Kayıp Şiiri - Yorumlar

Mehmet Tekerek
12

ŞİİR


1

TAKİPÇİ

Dağa sırtını dayamış küçük bir köydü orası. Evlerin bulunduğu yerden köyün tam karşısına bakıldığında, uzakta sıralanmış dağlar köyü ve yaylayı seyreder gibi dururlardı. Bir de, yaz sıcaklarından yanmayalım diye karlı tepeler köye doğru serinlik üfürürlerdi. Gece gündüz dağlar hep bizimle sayılırdı. Köyün hangi noktasında olunursa olunsun sıra sıra dağları görmek mümkündü.

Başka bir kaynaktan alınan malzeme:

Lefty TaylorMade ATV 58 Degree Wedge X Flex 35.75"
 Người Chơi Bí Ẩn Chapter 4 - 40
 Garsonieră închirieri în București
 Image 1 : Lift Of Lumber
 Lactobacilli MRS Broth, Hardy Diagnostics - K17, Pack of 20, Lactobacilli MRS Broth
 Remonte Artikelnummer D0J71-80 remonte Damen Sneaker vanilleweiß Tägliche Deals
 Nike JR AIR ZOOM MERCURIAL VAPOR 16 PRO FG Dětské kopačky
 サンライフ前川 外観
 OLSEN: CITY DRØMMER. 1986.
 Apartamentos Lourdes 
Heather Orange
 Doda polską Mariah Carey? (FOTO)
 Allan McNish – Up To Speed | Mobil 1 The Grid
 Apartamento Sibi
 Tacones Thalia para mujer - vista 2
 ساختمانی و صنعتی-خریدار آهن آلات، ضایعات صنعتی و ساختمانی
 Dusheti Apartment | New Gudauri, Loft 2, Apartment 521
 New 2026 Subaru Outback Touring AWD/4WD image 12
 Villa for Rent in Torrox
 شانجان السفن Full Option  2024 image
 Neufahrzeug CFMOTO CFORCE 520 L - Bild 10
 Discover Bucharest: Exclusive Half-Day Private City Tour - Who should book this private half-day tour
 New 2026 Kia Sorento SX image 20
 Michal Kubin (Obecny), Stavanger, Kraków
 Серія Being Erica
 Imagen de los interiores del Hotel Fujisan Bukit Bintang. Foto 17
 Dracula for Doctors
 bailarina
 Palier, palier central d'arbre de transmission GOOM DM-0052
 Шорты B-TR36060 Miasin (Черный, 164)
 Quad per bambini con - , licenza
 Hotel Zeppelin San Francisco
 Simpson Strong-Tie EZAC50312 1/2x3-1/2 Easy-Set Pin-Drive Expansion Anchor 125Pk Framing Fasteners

Uzak duran o dağlar, köyde yaşayan herkesin aşkını da acısını da bilir gibiydiler. Dağlara bakarak kim bilir niceleri dertlerini anlatmışlardı. Onlar da uzaktan duymuşlardı herbirşeyleri. Dağlar günün değişik zamanlarında yine değişik çehreye bürünürledi. Örneğin, sabahları yarı sisle kaplı olduğunda, yüzü uykulu gibi olurken, öyle vakti güneş tam tepesinde olduğunda, sanki gözleri kamaşnmış gibi parlardı. Akşama doğru ise hüzünlü gibi, boynu bükük anlaşılmaz bir çehresi olurdu dağların.
Köyün nerdeyse bütün toprak damlarının ön cephesi ve önlerindeki çardak, dağları görecek şekilde kurulmuştu. nasılsa.
Akşam üzeri köylüler tarladan bahçeden evlerine gelip de ellerini yüzlerini yıykadıkdan sonra, çardaktaki serilmiş sofraya oturup da yemek yerlerdi. Yemekte ayran içerlerdi. Yemek yendikten sonra ise çaylar gelirdi. Sonra sırtını bir direğe dayayıp da çayını yudumlarken, dağlar onun karşısında olurdu hep. İçten içe kimselerin duymayacağı şekilde dağlara bakarken mırıldanmalar olurdu. belki. Bu dağların öyküsü bitmez tükenmez olmalıydı. Nice tarihler hayatlar yaşamış olmalıydı bu dağlar.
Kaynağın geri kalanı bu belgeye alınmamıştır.